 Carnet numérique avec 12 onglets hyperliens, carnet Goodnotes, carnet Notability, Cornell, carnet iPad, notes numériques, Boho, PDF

---

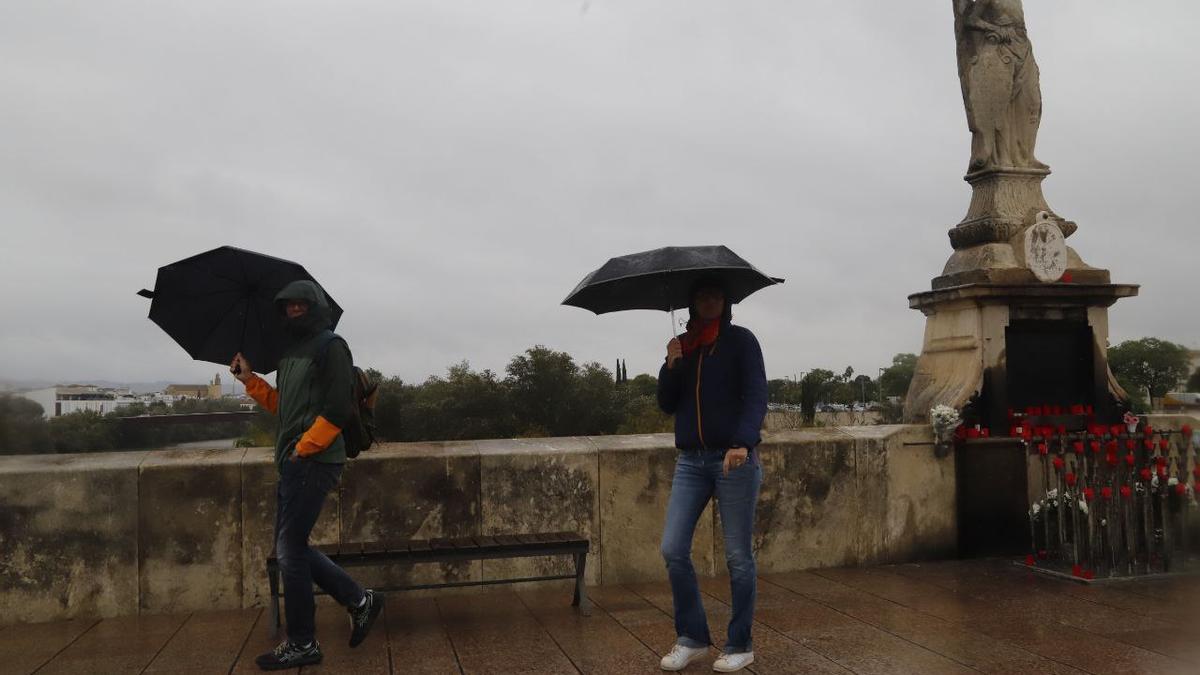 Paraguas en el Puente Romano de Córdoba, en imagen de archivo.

==

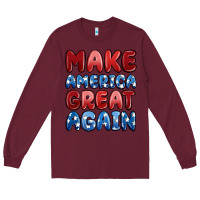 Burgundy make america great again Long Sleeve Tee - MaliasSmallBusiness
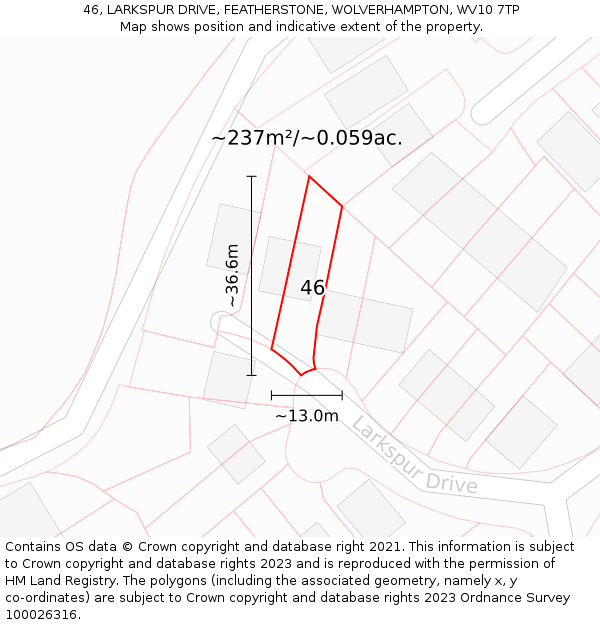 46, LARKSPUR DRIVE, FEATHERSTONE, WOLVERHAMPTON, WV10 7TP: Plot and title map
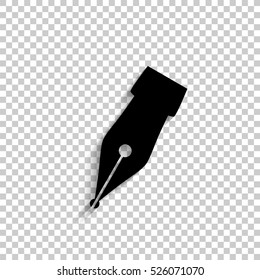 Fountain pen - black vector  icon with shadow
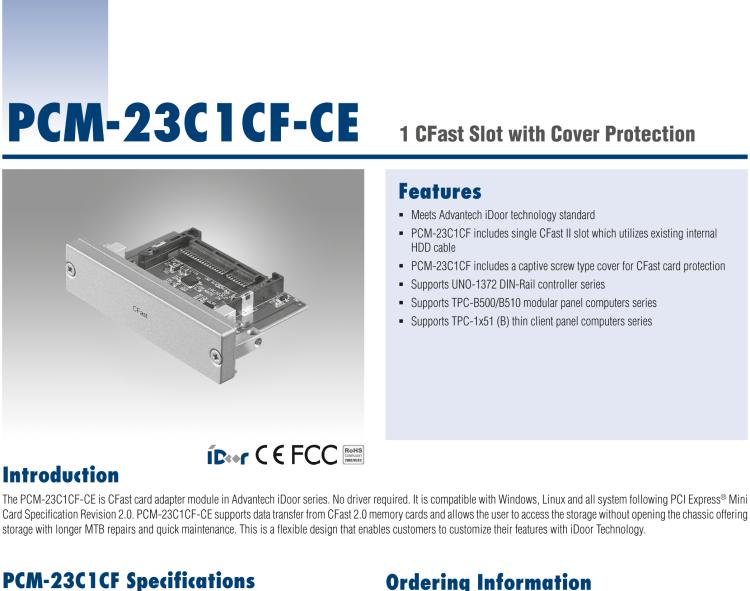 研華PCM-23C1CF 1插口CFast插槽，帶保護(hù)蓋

### Instructions to follow
Give again the stretch of the entries above that begins at the line with "Fountain pen - black" and ends at the line with "研華PCM-23C1CF 1插口CFast插槽，帶保護(hù)蓋", word for word, with no pictures.

### Exercise answer
 Fountain pen - black vector  icon with shadow
 研華PCM-23C1CF 1插口CFast插槽，帶保護(hù)蓋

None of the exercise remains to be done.